The Church of England has decided to use reality TV for its latest Lent Course.  When I saw this, I rejoiced. Then I followed the link and discovered the programmes they were using.  Come Dine With Me; Ground Force; How Clean Is Your House.   I’ve watched all of them (I’m not actually a reality tv addict, honest).  There doesn’t seem to be a current series of HCIYH.  Ground Force stopped being made by the BBC in 2007.  That’s five years ago.  Since then, there must have been a couple of Celebrity Big Brother series, The Only Way is Essex has arrived (TOWIE to aficionados), we’ve seen Reality TV shows about choirs, about a school in Educating Essex (and I watched every second of that, it was brilliant and inspirational), there’s more ‘real people’ doing ‘real things’ on TV than you can shake a stick at.

So please, CofE, and lovely Bishop Steven Croft,  when you get a great idea, and decide to engage with what’s on our televisions, please try to make sure you do.  I know you can get the clips on YouTube, I understand that you are trying to link with your chosen themes.  But in order to meet people where they are, we have to go to their (and our) places.

If you are wondering how much Theology there is in TOWIE, try finding out about the budding and breaking relationships; about the friendships and enmities;  the joys and the sorrows.  Try seeing what people do, where they go, how they function, what they need.  What are they seeking, where do they search?  God is there, in the midst of it.  And if we don’t point that out, who will?
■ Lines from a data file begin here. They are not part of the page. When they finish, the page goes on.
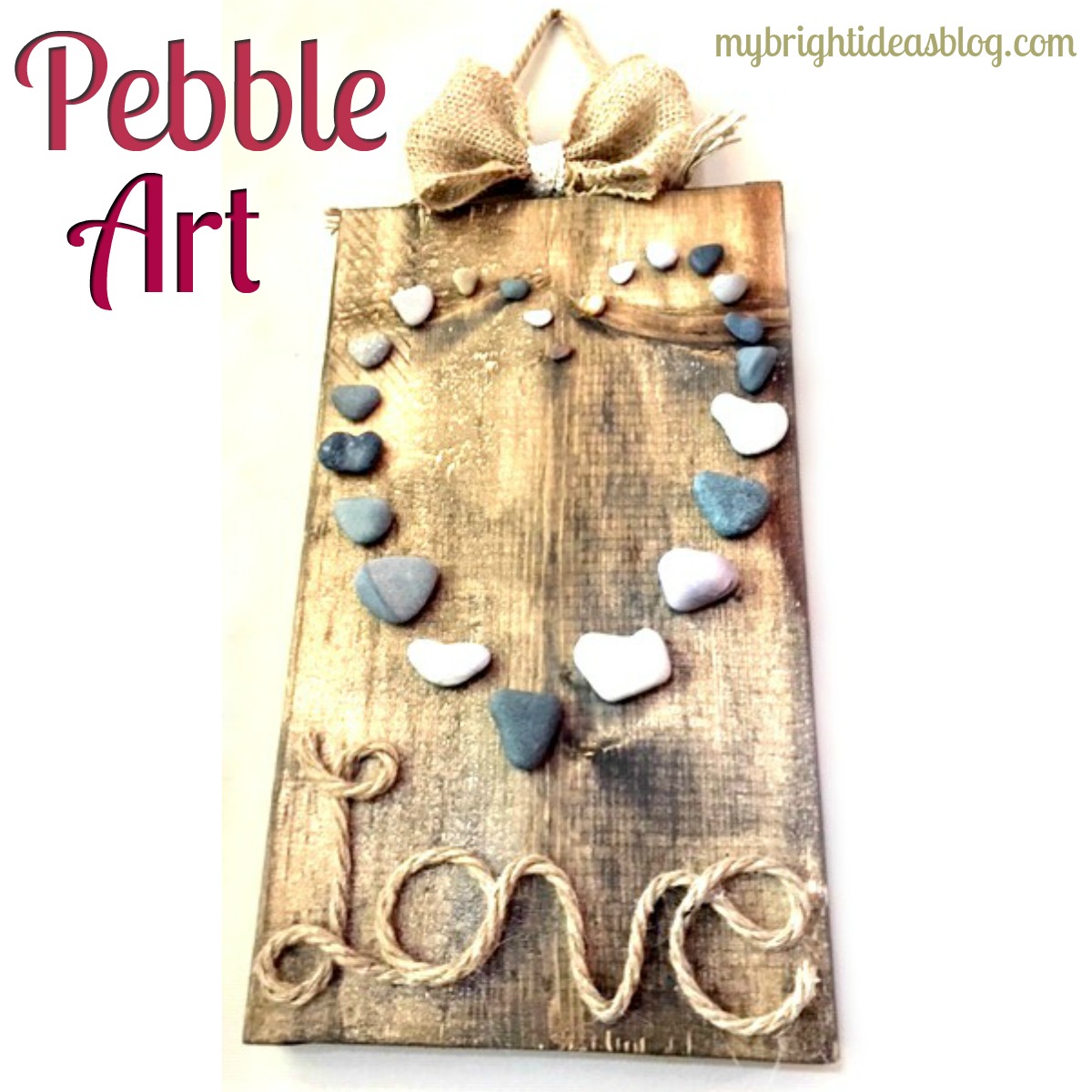 Make a heart / love sign for home decor using heart shaped pebbles and jute rope. mybrightideasblog.com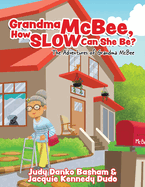 Grandma McBee, How Slow Can She Be? The Adventures of Grandma McBee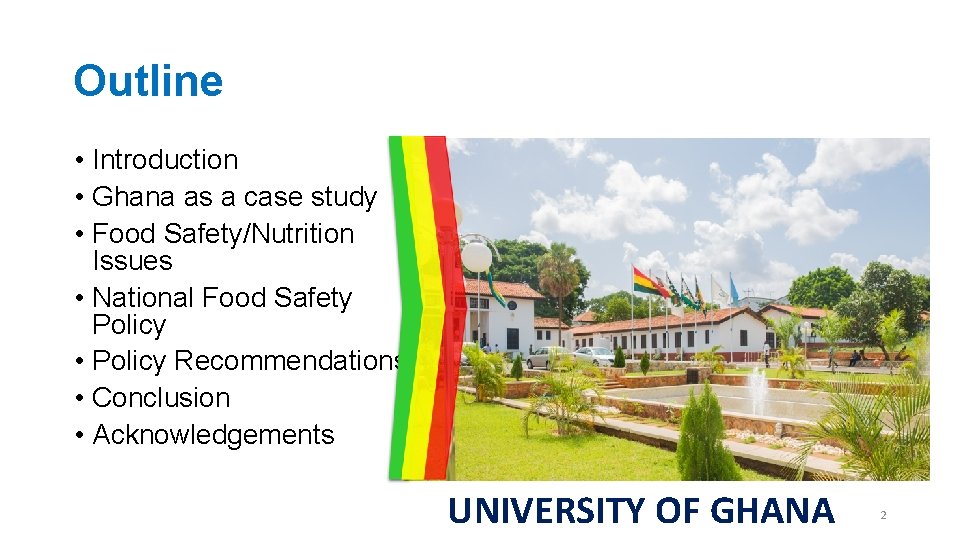 Outline • Introduction • Ghana as a case study • Food Safety/Nutrition Issues •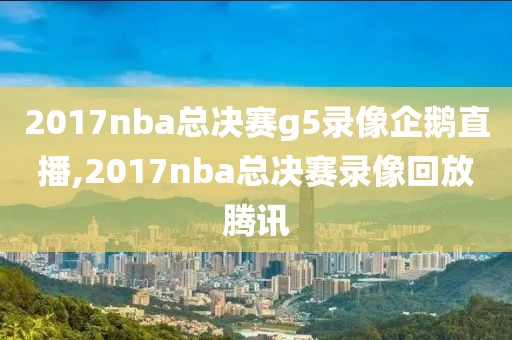 2017nba总决赛g5录像企鹅直播,2017nba总决赛录像回放腾讯
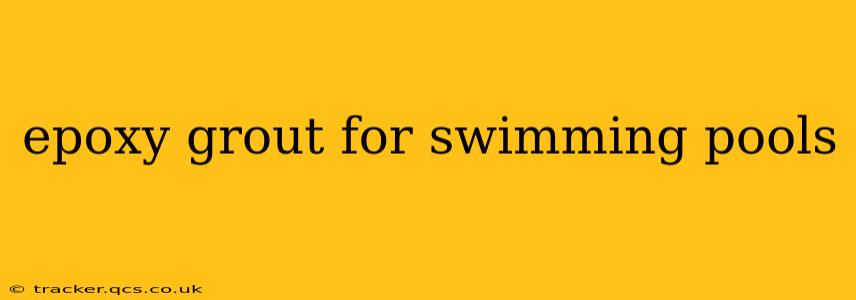 epoxy grout for swimming pools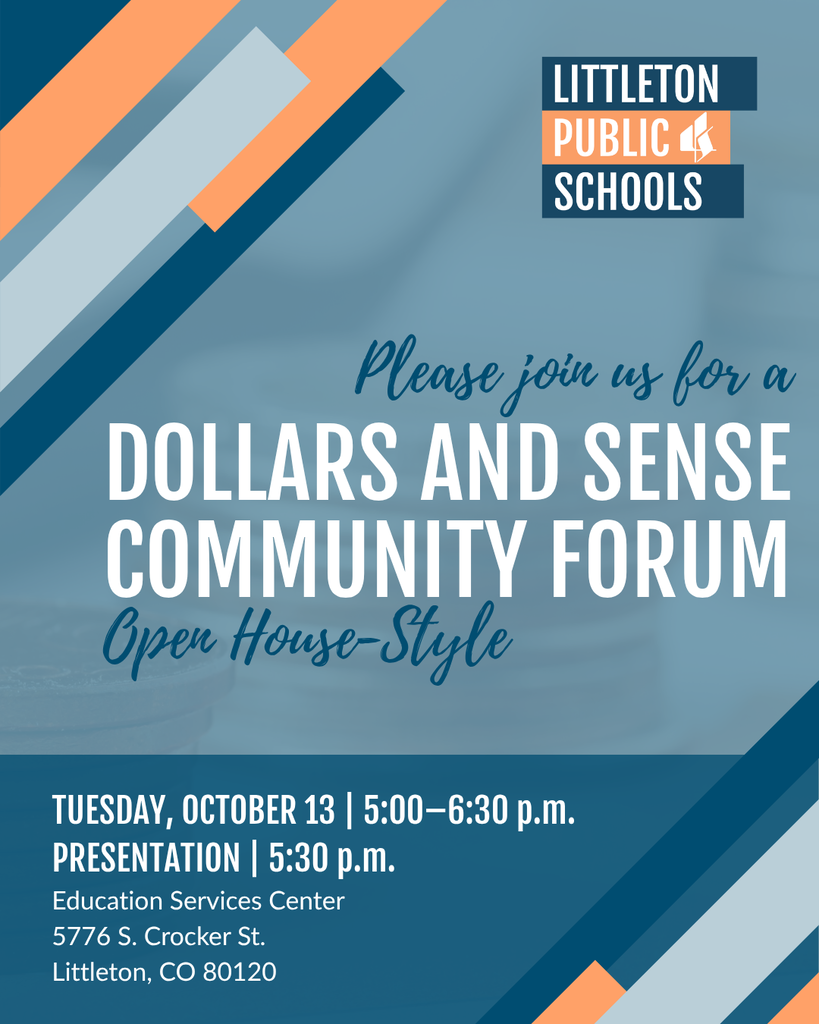 Littleton Public Schools Dollars and Sense Community Forum Open House on Oct 13, 5:00–6:30 p.m.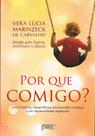 Livro - Por que comigo? Livro - Por que comigo?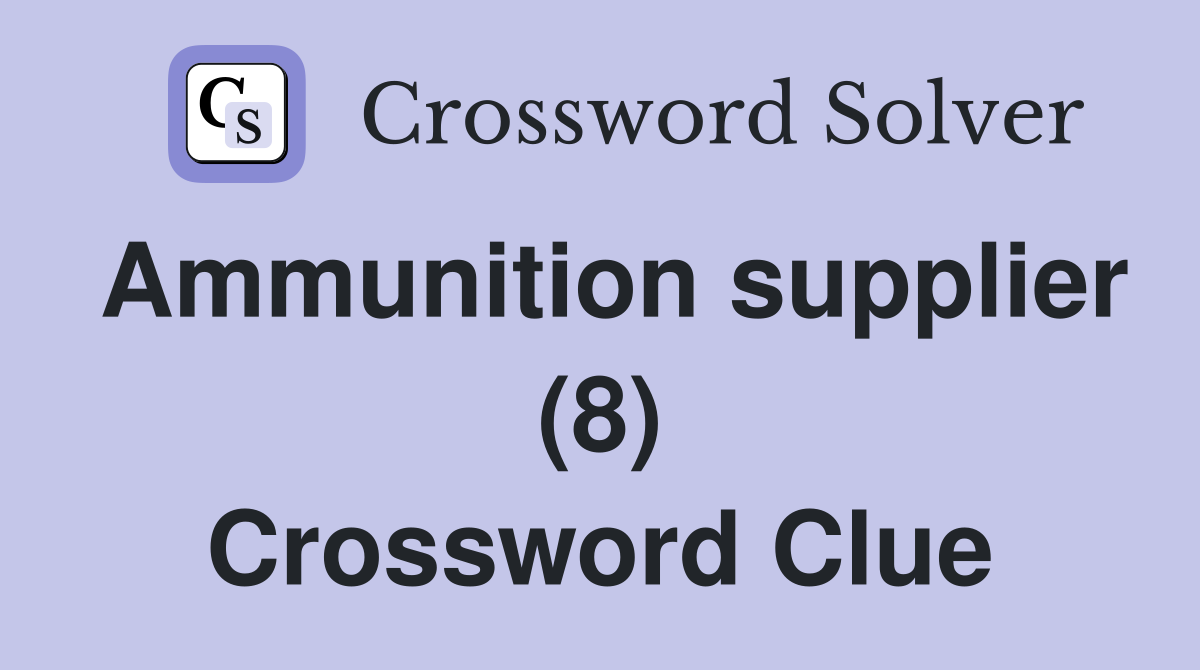 Ammunition supplier (8) Crossword Clue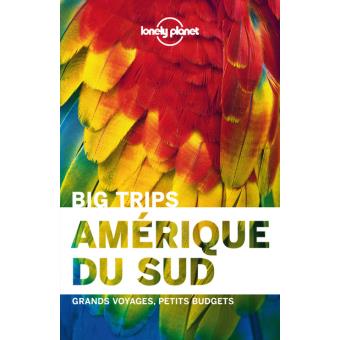 Image de l'objet « BIG TRIPS AMERIQUE DU SUD . GRANDS VOYAGES, PETITS BUDGETS »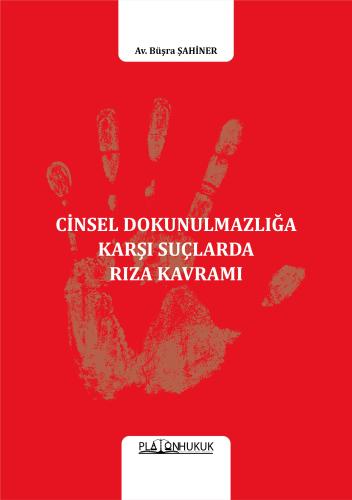 CİNSEL DOKUNULMAZLIĞA KARŞI SUÇLARDA RIZA KAVRAMI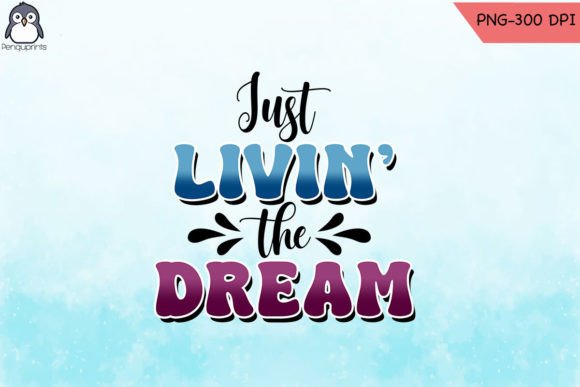 Living the Dream Full Color Transfer: A Vibrant Asset for Modern Designers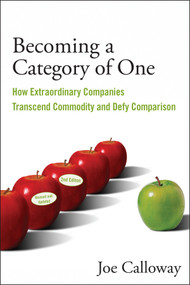 Becoming a Category of One (How Extraordinary Companies Transcend Commodity and Defy Comparison) by Joe Calloway, 9780470496350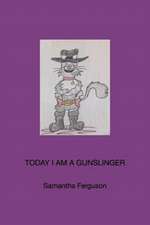 Today I Am a Gunslinger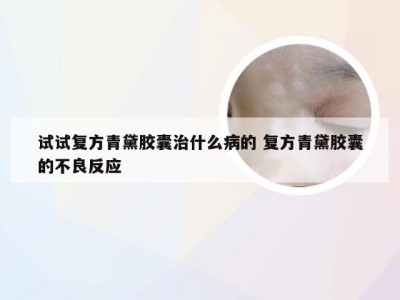 试试复方青黛胶囊治什么病的 复方青黛胶囊的不良反应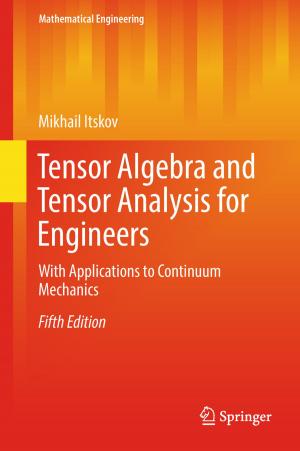 Cover of the book Tensor Algebra and Tensor Analysis for Engineers by Victor Kolikov, Philip Rutberg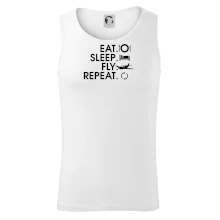 Eat sleep fly repeat Eat sleep fly repeat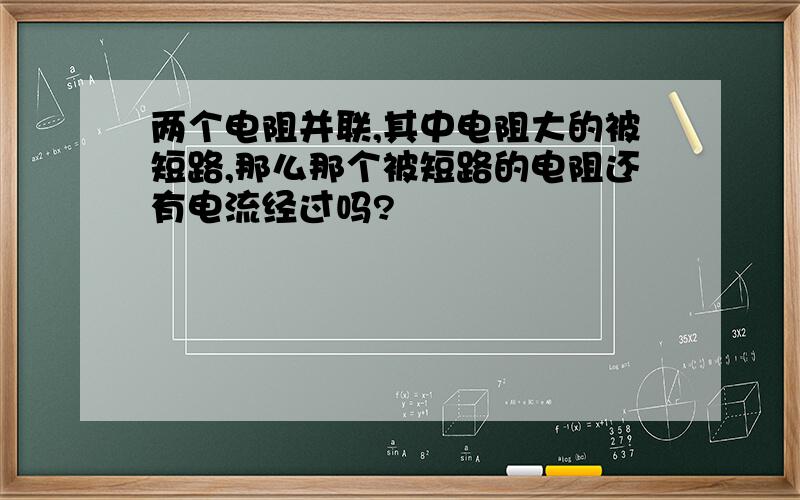 两个电阻并联,其中电阻大的被短路,那么那个被短路的电阻还有电流经过吗?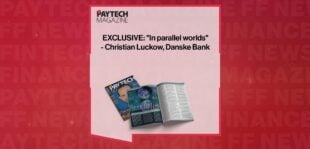 EXCLUSIVE: "In parallel worlds": - Christian Luckow, Danske Bank in 'The Paytech Magazine'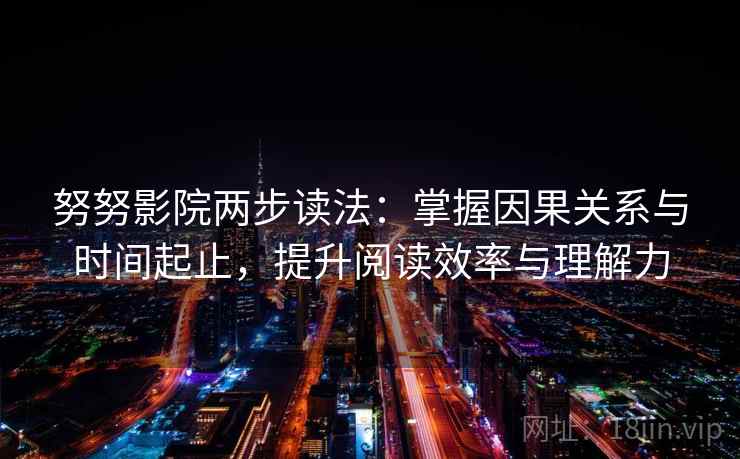 努努影院两步读法：掌握因果关系与时间起止，提升阅读效率与理解力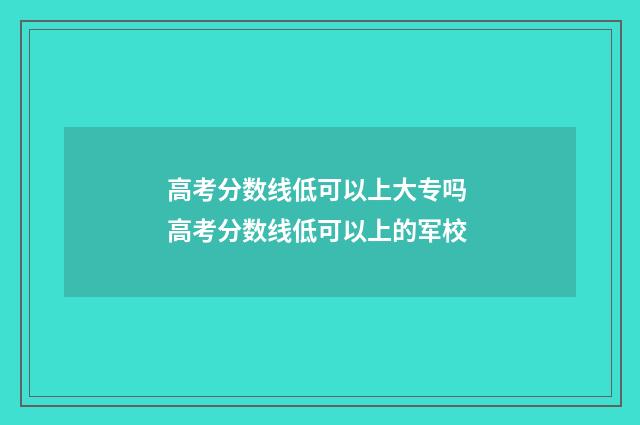 高考分数线低可以上大专吗 高考分数线低可以上的军校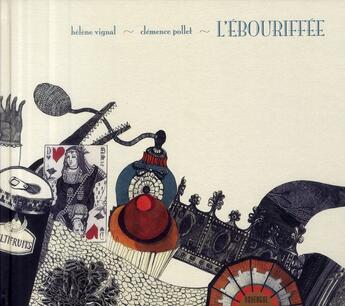 Couverture du livre « L'ébouriffée » de Helene Vignal et Clemence Pollet aux éditions Rouergue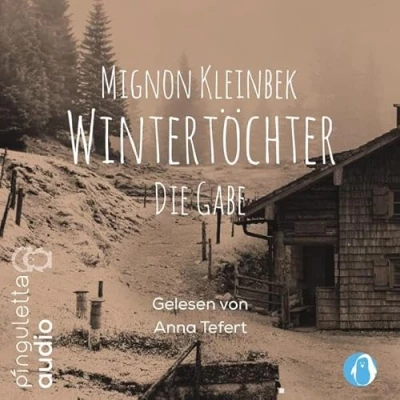 Abbildung von Wintertöchter: Die Gabe. Teil 1 der erfolgreichen Trilogie. Eine fesselnde Familiensaga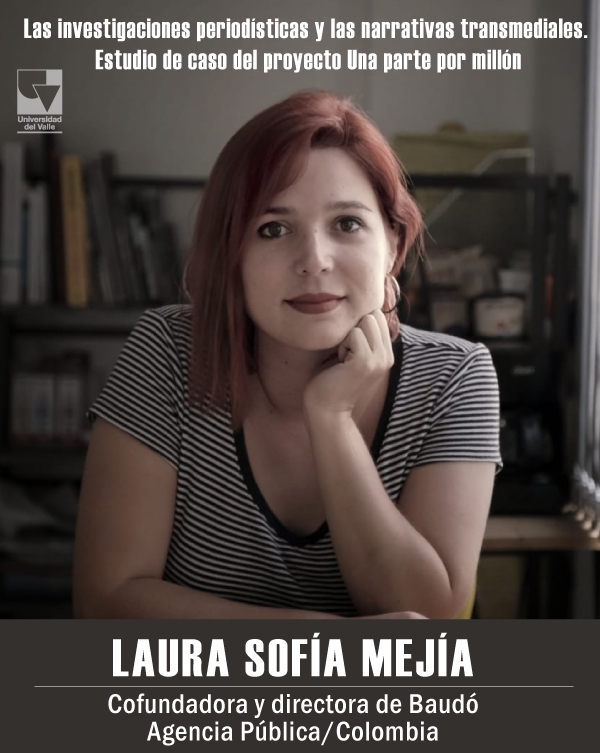 Investigaciones Period&iacute;sticas y Narrativas Transmediales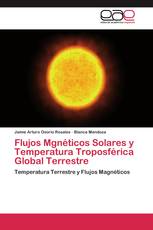 Flujos Mgnéticos Solares y Temperatura Troposférica Global Terrestre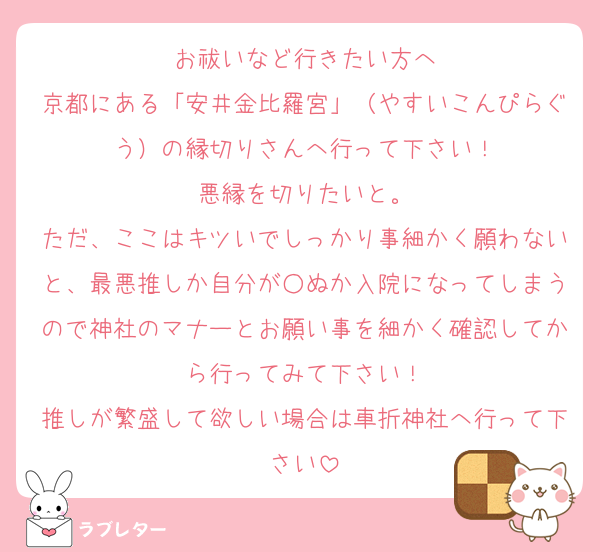 お祓いなど行きたい方へ
京都にある「安井金比羅宮」（やすいこんぴらぐう）の縁切りさんへ行って下さい！
悪縁を切りたいと。
ただ、ここはキツいでしっかり事細かく願わないと、最悪推しか自分が○ぬか入院になってしまうので神社のマナーとお願い事を細かく確認してから行ってみて下さい！
推しが繁盛して欲しい場合は車折神社へ行って下さい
4 responses to “Meeting people where they are

  1. I do agree with you.
    The use of 'How Clean is Your House?' and 'Ground Force' in 2011 would be perfectly fine in an academic seminar as examples. And it may be there are no suitable recent programmes.
    But choosing programmes which are no longer being screened does play into the hands, I'm afraid, of those who accuse the Church of England of being out of touch with the real world. It might have been better to start with viewing figures (I expect Coronation Street is still up there) and try and draw lessons from these? 20-20 hindsight, I know.

  2. Thanks Laura! I think the idea of using reality tv is superb – there is a huge choice of midwives, vets, police, priests, celebrities etc to draw upon. Or the soaps would be a great alternative. I can think of groups for whom both would work – and I guess there is a group of people watching Ground Force DVDs too!

  3. I was just thinking that the New Programme on Midwives in fifties London gives loads of scope. That was the London where I was raised. In the East End, with all its problems, broken up in the sixties as they built high rise to become the new Ghetto for the poor and vulnerable.

    And, the angle of being with an Anglican Religious order and all of the work they did, making lives better, must provide much material for the course.

  4. Yes, there's a rich seam of historical material too – Downton Abbey anyone? Recent James Herriot (with apologies I can't remember how to spell his surname)?